Towards an updated PAHFIT Model/Interface

Based on discussions of the April 4th PAHFIT all-hands workshop. Updated June, 28, 2022

Instrument/Science Packs

Separating the concerns of instrumental artifacts and scientific model details is important. Hence we have proposed separate “instrument” and “science” packs. Internally, information from these two types of packs is combined into a pahfit.features table, which is used both for setting up the models, inspecting model results, or altering details of the fit.

Some definitions

Feature(s)
A feature is one component of the PAHFIT model, such as a single emission line like [NeII], or a single dust feature.
Feature Group(s)
A group of features that are conceptually related. For example a group of sub-features for a composite dust feature (e.g. PAH77).
Parameter
Some value used to define a feature, e.g. wavelength for a line.
Attribute
Information about a parameter, such as its value or bounds.

Instrument Packs

The primary information an instrument pack can convey to the model is:

  • The wavelength range of validity of a given spectral segment/channel/order.
  • The Gaussian full-width of the line spread function at any valid rest wavelength, and its uncertainty (if any).

Other instrumental details could be implemented, which are “uninteresting” scientifically. Since instrument packs are “fixed”, and implicitly determine which instruments PAHFIT supports, and since different instruments may have different degrees of complexity in their underlying calculations of line widths, a simple table with a row for each fully distinct instrument or instrument configuration will suffice. Example:

spitzer.irs.sl1
spitzer.irs.lh
akari.irc.nirgrism
iso.sws
jwst.nirspec.R2700
jwst.miri.mrs.ch1
jwst.miri.lrs

Each row defines a polynomial expression for calculating FWHM at any applicable (rest) wavelength, and the wavelength cutoffs in microns.
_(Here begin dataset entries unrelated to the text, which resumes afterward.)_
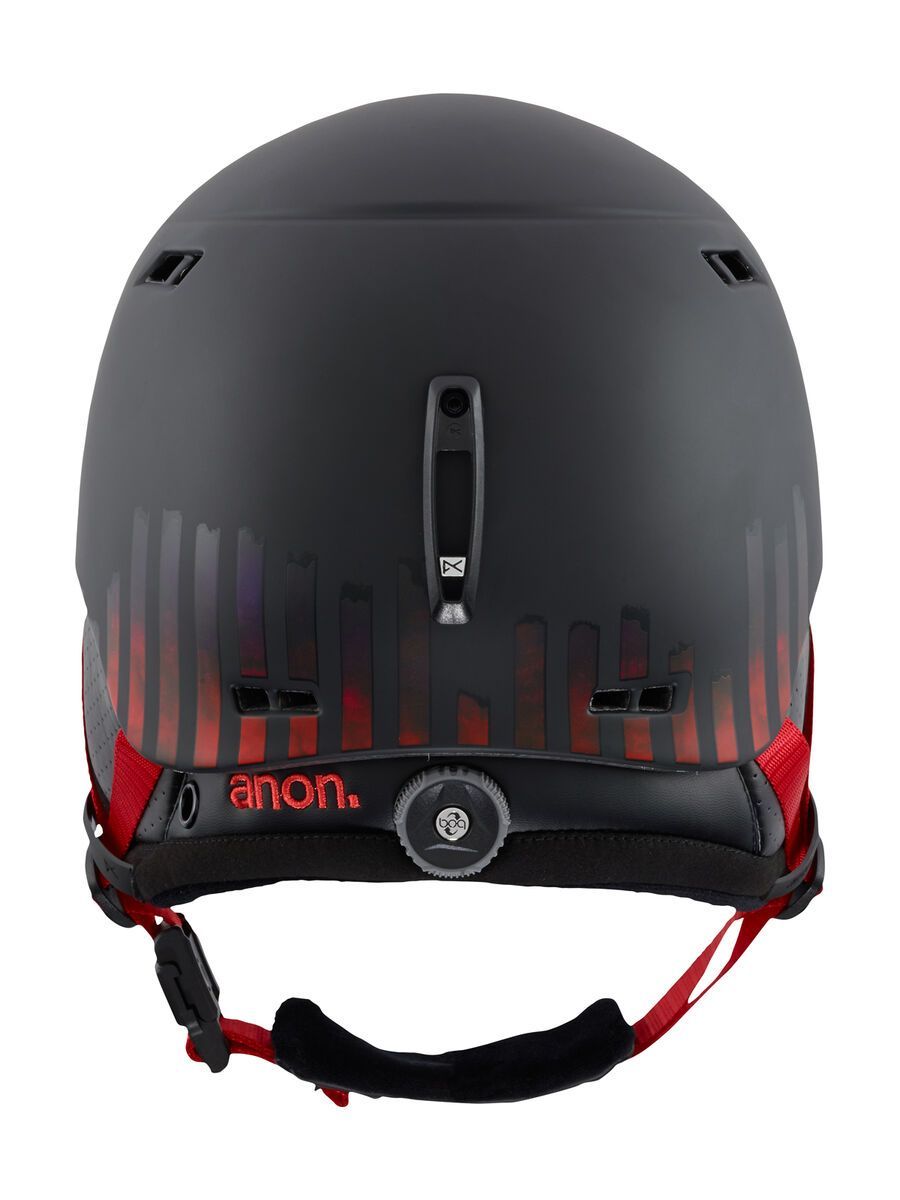 Anon Rodan, broken arrw black - Bild 2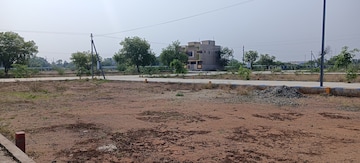 Plot Area in  Plot at Thiruverumbur – for Sale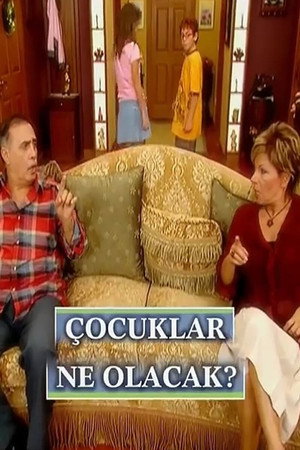 Çocuklar Duymasın 4. évad (2004-09-15) poszter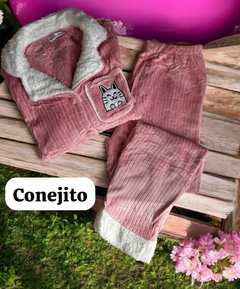 PIJAMAS SURTI IMPORTADOS - CHE RANA!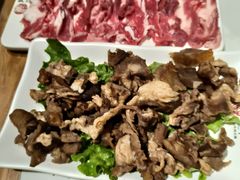-焯牛潮汕牛肉火锅(云峰街创始店)
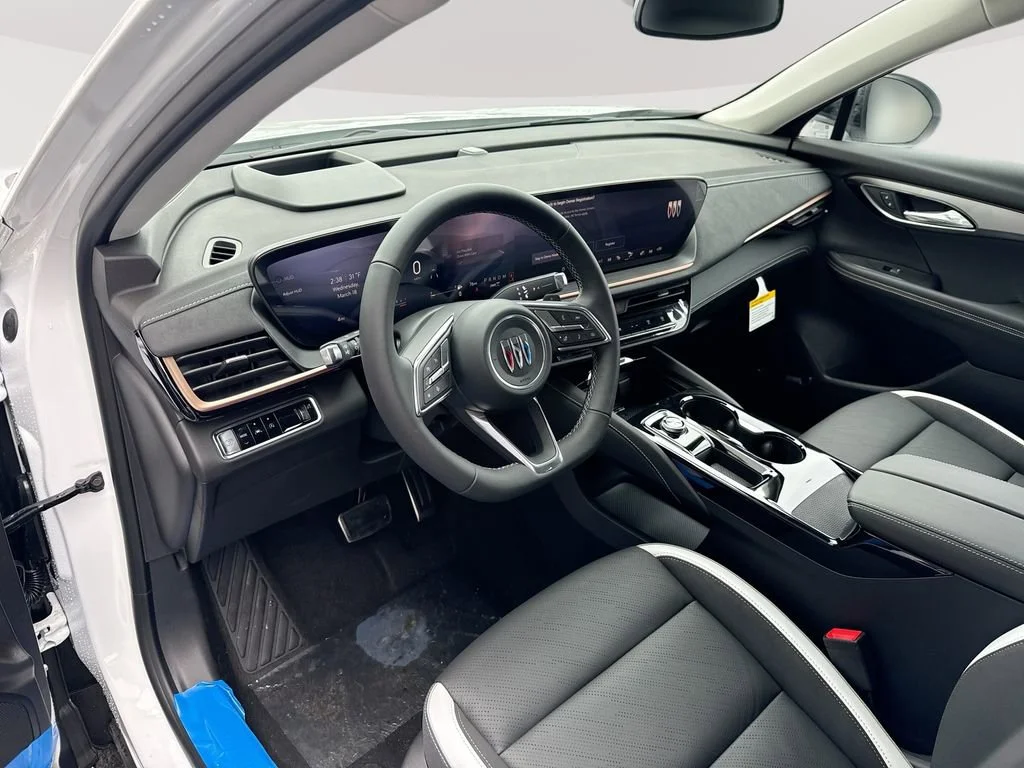 2026 Buick Envision Sport Touring - Photo 10
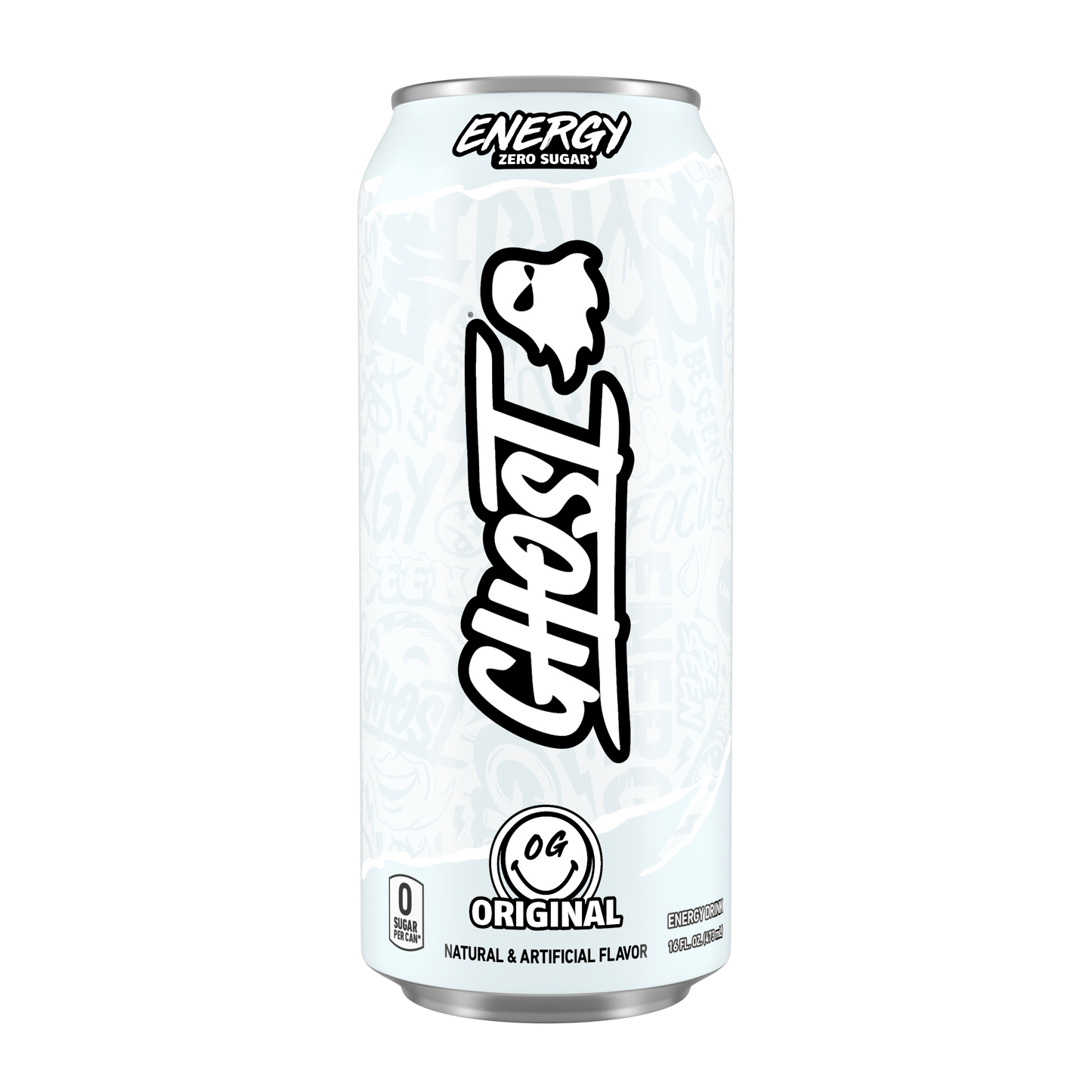 Ghost OG 16 OZ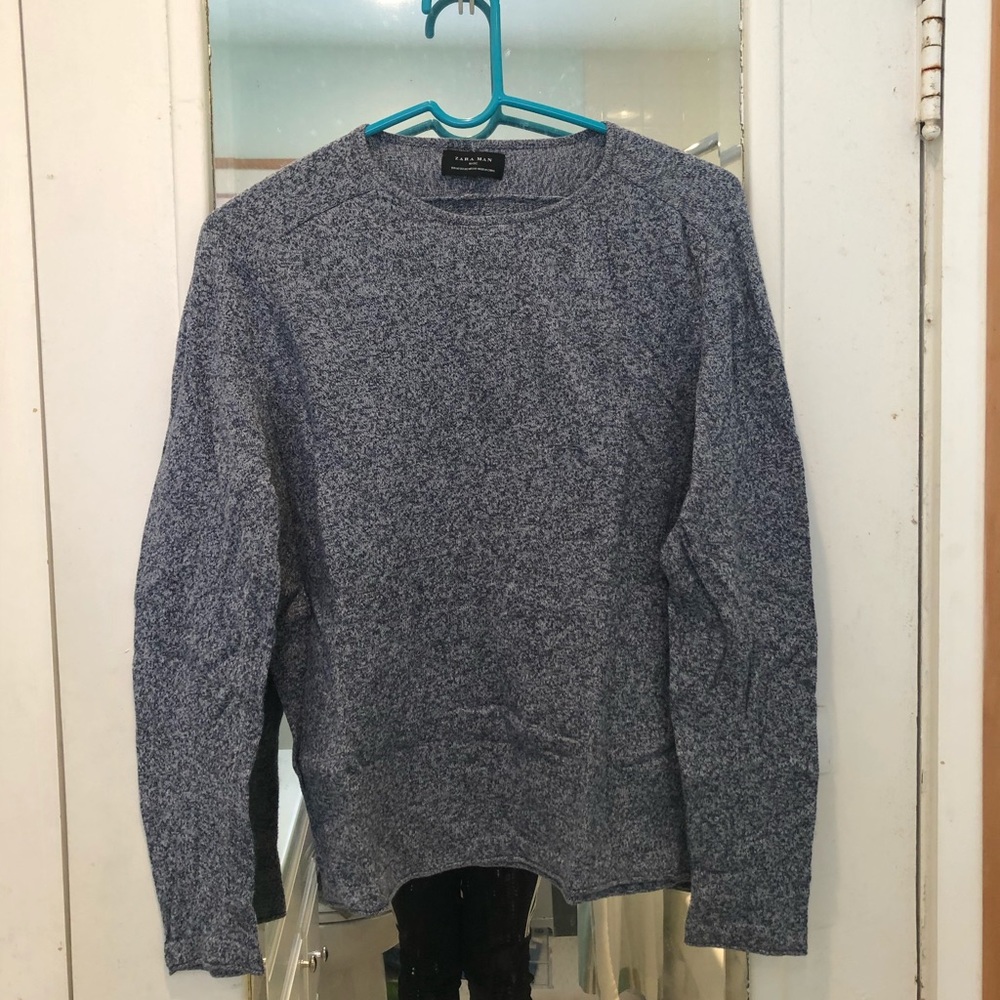 Zara Man Sweater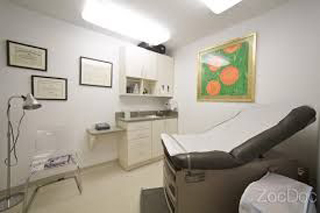 Buckland Aldyth A Dr photo 4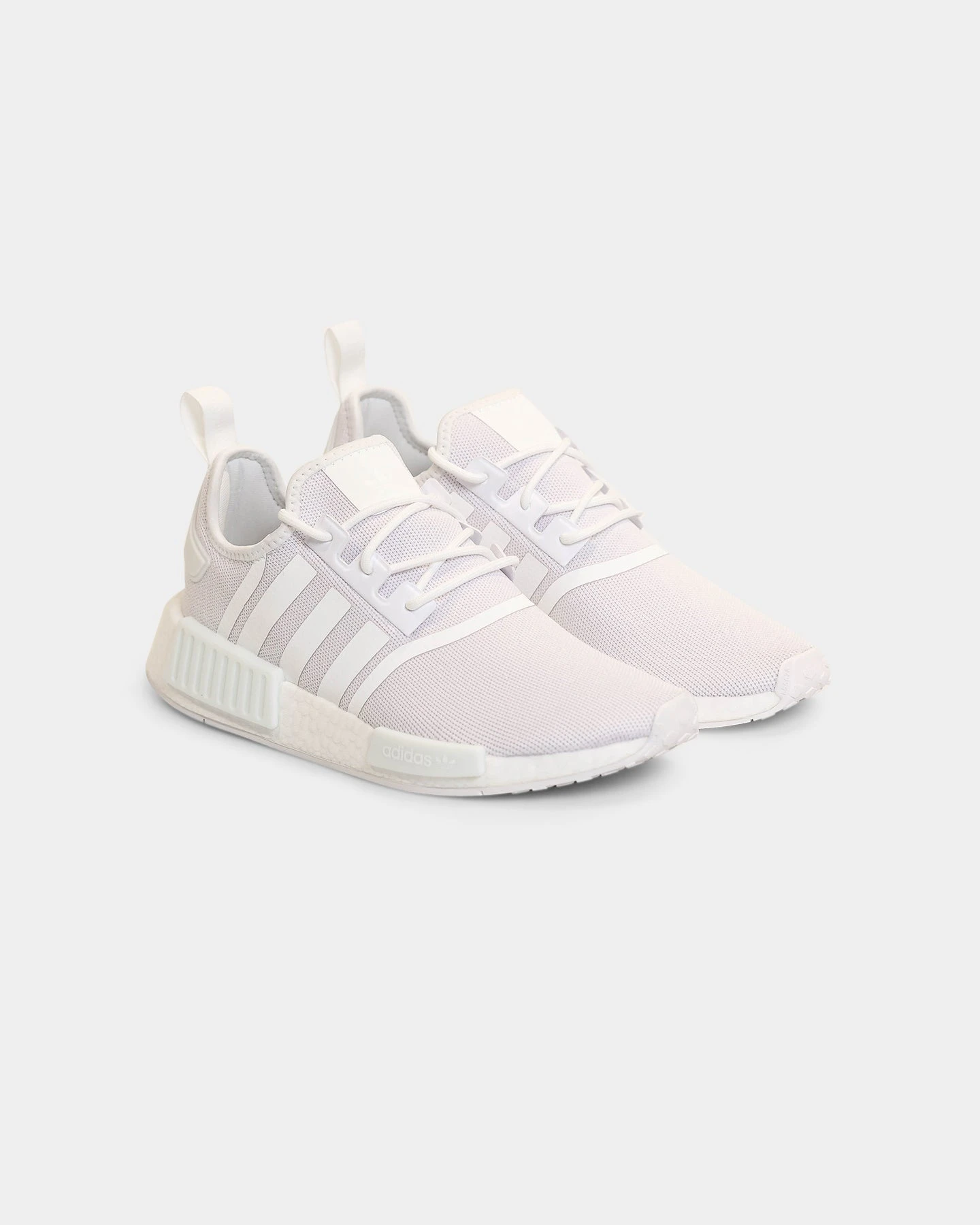 Adidas NMD_R1 Primeblue White/Cloud White/Gum 4 Adidas NMD_R1 Primeblue White/Cloud White/Gum - Image 2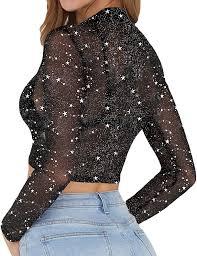 M Glitter Body Wrap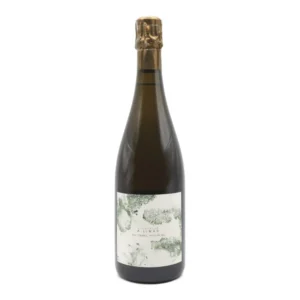 La Fine Bulle - Champagne Nos Terres Amoureuses 75cl – Vigneron Alexis Limar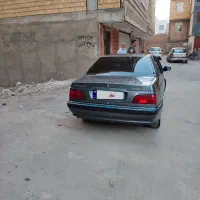 پارس سال ۹۶|خودرو سواری و وانت|فردیس, قریشی|دیوار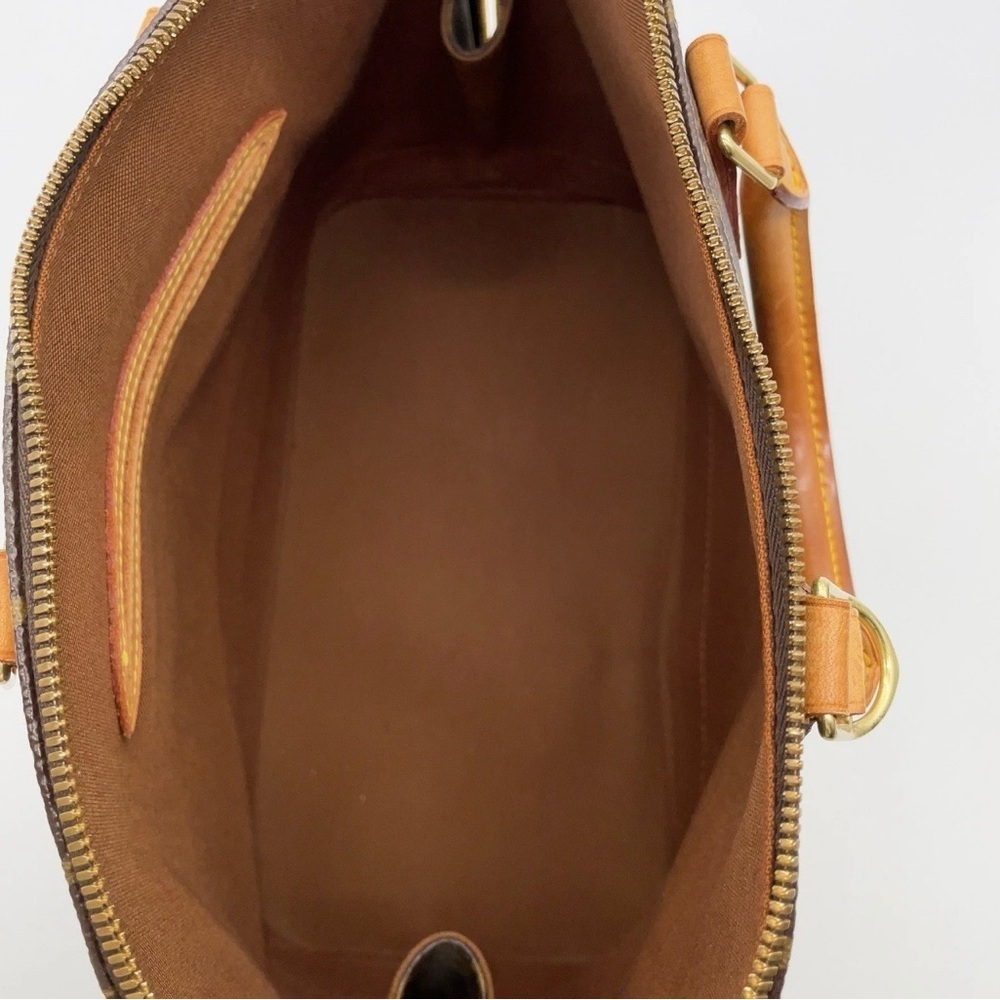 Auth Louis Vuitton Monogram
Alma PM - Picture 12 of 14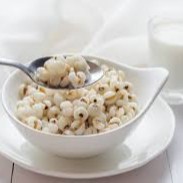 Ý Dĩ hạt nhỏ 200 gram.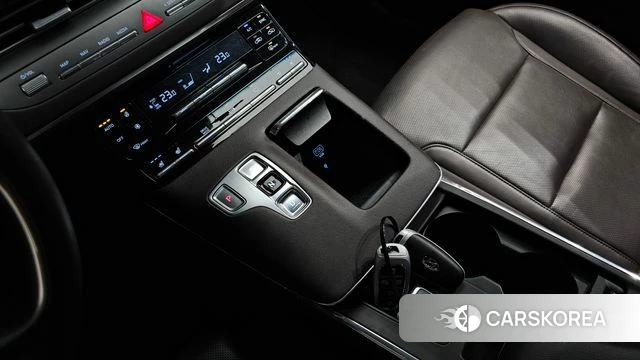 Hyundai The New Grandeur IG id 4476092 из Кореи 32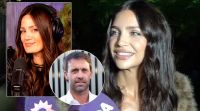 La frase de Zaira Nara que reavivó la historia con Paula Chaves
Note that since the instrument pack is applied only once redshift is known, it is applied just before fitting.

Science Packs

Science packs contain all the scientific model configuration details for building a PAHFIT model. These include the list of features present, and the range of values their underlying parameters take. PAHFIT will distribute a few carefully vetted science packs, but anticipate users may make small alterations to these, or create their own. The heart of PAHFIT is its science packs. To offers a flexible format for defining packs, including grouping and identifying components for easier use, PAHFIT employs a simple YAML heirarchical plain-text format, similar to many configuration file formats. Note that internally, science packs are converted into a pahfit.features tabular format.

An outline of the syntax of a PAHFIT’s YAML science packs:

  • Top level: a named set of individual features (like a single line), or groups of features (like a set of lines, continuum components, etc.)
  • Elements: Each group or feature element consists of a name key, and associated attribute info. The name is just a handy means of selecting and working with a feature or a group, and is never interpreted. All top-level names in a model must be distinct, but otherwise, can be anything.
  • Keys: Each feature or group contains a dict, which can have several associated keys:
    • kind (required): The kind of a feature. Current kinds, with description and the feature’s underlying model type:
      kind Description Default Underlying Model
      starlight_continuum continuum from starlight emission Blackbody
      dust_continuum underlying dust emission continuum Modified Blackbody
      line individual molecular/ionic emission lines Gaussian
      dust_feature resolved dust emission features Drude (possibly modified)
      attenuation bulk attenuation, including silicate bands named model
      absorption individual absorption bands, such as H20 Drude
    • Other attributes, specific to each feature kind (see below).
  • In addition, groups can have the following keys:
    • kind: When set on a group, kind is inherited by all features in the group. Every group or feature has a kind.
    • features: A named dictionary of features in a group, each with their own attributes.
    • attribute: A list or feature-named dict of a particular attribute for a group (e.g. wavelength). If a list, i.e. names are not included, they are generated from the group name. If multiple attribute lists are included in a single group, they must all have the same length, and the feature names (if any) are taken from the first named set encountered.

Parameters, by kind

The parameters available depend on the feature or group’s kind. All features have an implicit name (from the key atop the feature). All features have a kind, taken from a fixed set (see above), or inherited from their group.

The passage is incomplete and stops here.